The point was to make a nice portable keeb, even though all my trips for he foreseeable future are going to be limited to the bed or the couch. But it has to be comfortable, and the ErgoDox in its present state simply is not long-term comfortable. I’d take it over a rectangle any day, but it would probably end up being a half day.

Ergo isn’t so much a preference for me as it is a necessity at this point. I feel like I can honestly say that I might not be typing these words to you now if it weren’t for the Kinesis. I don’t want my fingers to do unnecessary legwork, or downgrade from the quality of typing life that concave keys have afforded me. So let me just say that using the ErgoDox made me want to build a dactyl even more than before.

Prints Charming

Let me recap: the dactyl is pretty much a Kinesis in a bikini. As far as I know, the only way to make a dactyl appear on your desk is by printing a case and wiring it by hand. I would love to see one machined out of aluminium, but it seems like a difficult set of shapes for subtractive manufacturing, and downright impossible to mold.

I got my case files from the creator’s repo and printed it on a TAZ 6 at 0.25 layer height.
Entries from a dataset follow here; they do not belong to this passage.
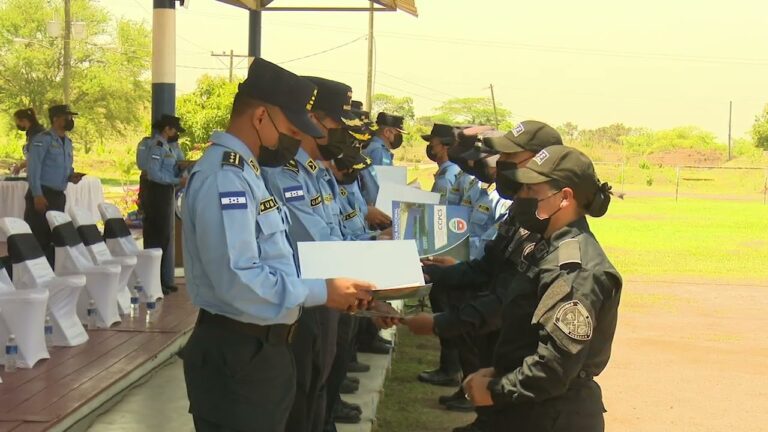 Capacitaci&oacute;n Policial: Mejora Continua para Profesionales de la Seguridad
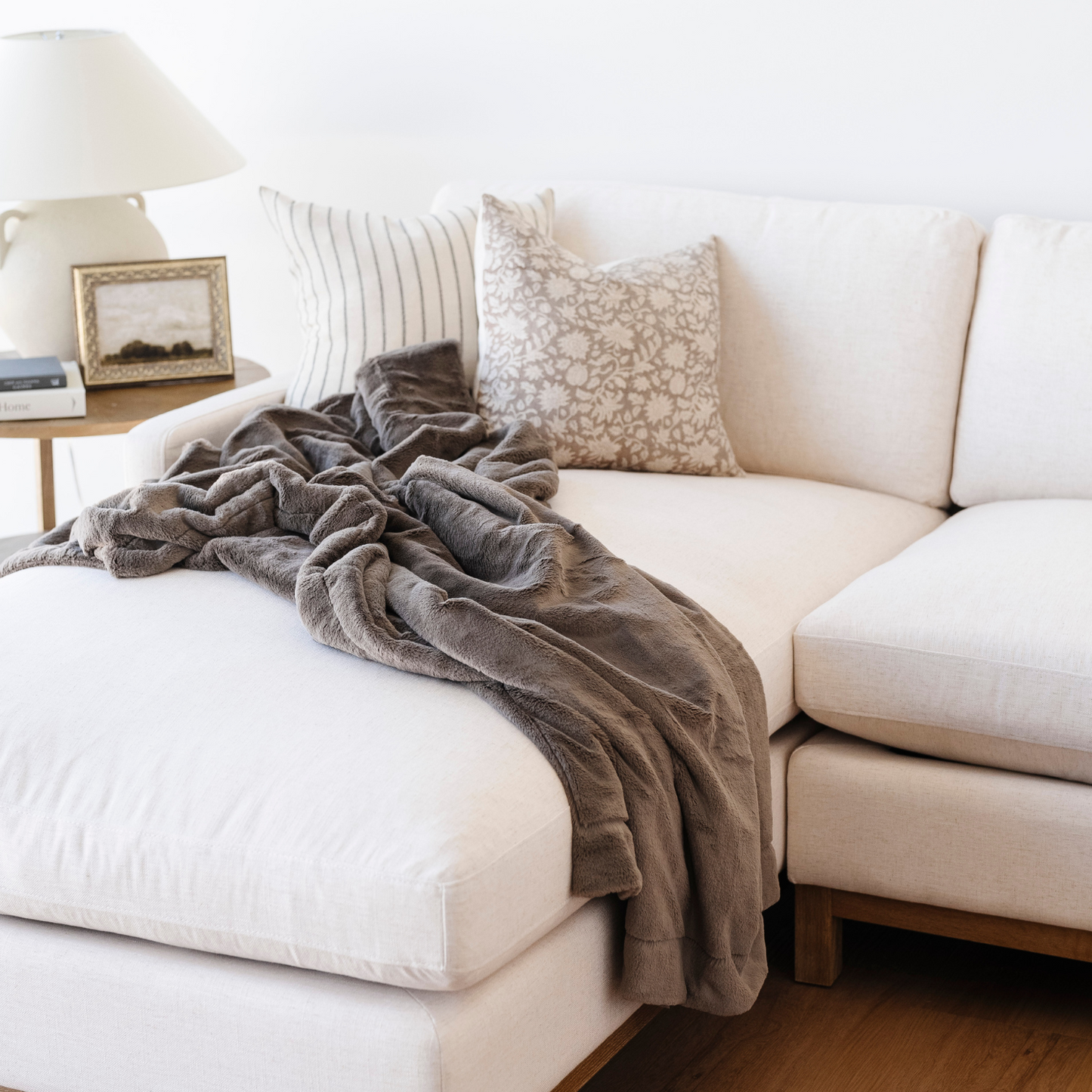 LUSH XL THROW BLANKETS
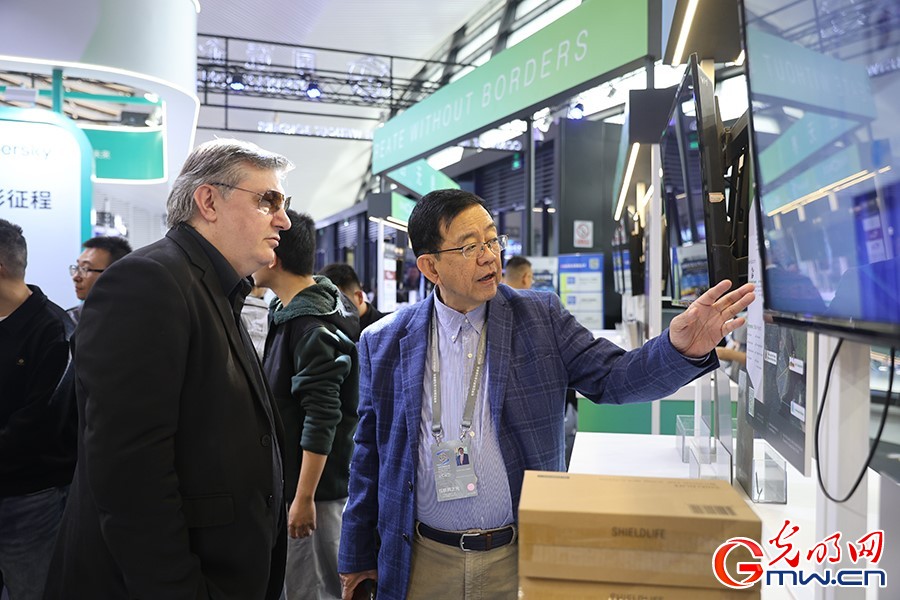 【乌镇视窗】2025年世界互联网大会“互联网之光”博览会开幕 乌镇再启数智之约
All four pieces were printed upright, and they took about 11½ hours each. Then it took around 90 minutes per piece just to break off the bulk of the support material. I plan to shave down all the edges with an X-Acto, but I don’t think I’ll be sanding it.

Over on IO, [Simon Merrett] suggested that I print the pieces upside down to reduce the amount of support material needed, and possibly shorten up the print time. I might be into that if there were more room inside the case for wires, but as it stands, I don’t want to have to do hours and hours of post-processing on the bottom pieces to make the inside smooth. Maybe I’ll try that on a future version.

Left: final print layers left unchecked. Right: I tried to minimize the bird’s nest with a toothpick.

It’s pretty amazing how well these came out, because these are black belt-level prints. I think they look beautiful, except for one thing. Each piece finishes printing at the tippy-top of a 90° corner, so the printer would hang out between each of the final 15 or 20 layers just spewing out plastic, and then dragging it back into the print to make a jumbled mess.

On the last print, I finally did something about it. Every time the hot end moved over to rest, I let the filament latch on to a toothpick and pulled away slowly and gently. The filament just stretched out like taffy for a second and then broke off on the print head’s way back to the corner. I had just enough time to clean the toothpick before the next pull.

While the second half’s final corner does look cleaner than the first half’s, it also looks leaner — not as solidly filled, and maybe not as strong. I could have just messed with the retraction settings, but these are my first epic prints and  I was too afraid of them failing in the eleventh hour.

Switch Switcheroo

Once the prints are cleaned up, it’ll be time to push all the switches into place and get to wiring. Just like with the ErgoDox, I thought about using Cherry Browns, especially after they finally came back in stock where I like to buy my things. But here I am with 80 Cherry Clears instead, which are like a stiffer brown with a longer bump.

I found a toothy little switch opener on Thingiverse, and it works pretty well. I wonder if it will make it through 70 of them without breaking.

I’m worried that I’ll regret this choice, because if this keeb becomes my daily driver, they could make my hands pretty tired. I decided to try my hand at switching out the stock springs for 39g boingers, which will make them easier to actuate.

While the final piece printed, I filled up the left half with switches to see how they fit. They all snap in really nicely, and none of them feel loose at all or threaten to fall out if I turn it over. Even so, when I pulled off the tester keycaps, some of the switches came with them. Can’t have that happening once everything is wired up, so my plan is to superglue them all in place.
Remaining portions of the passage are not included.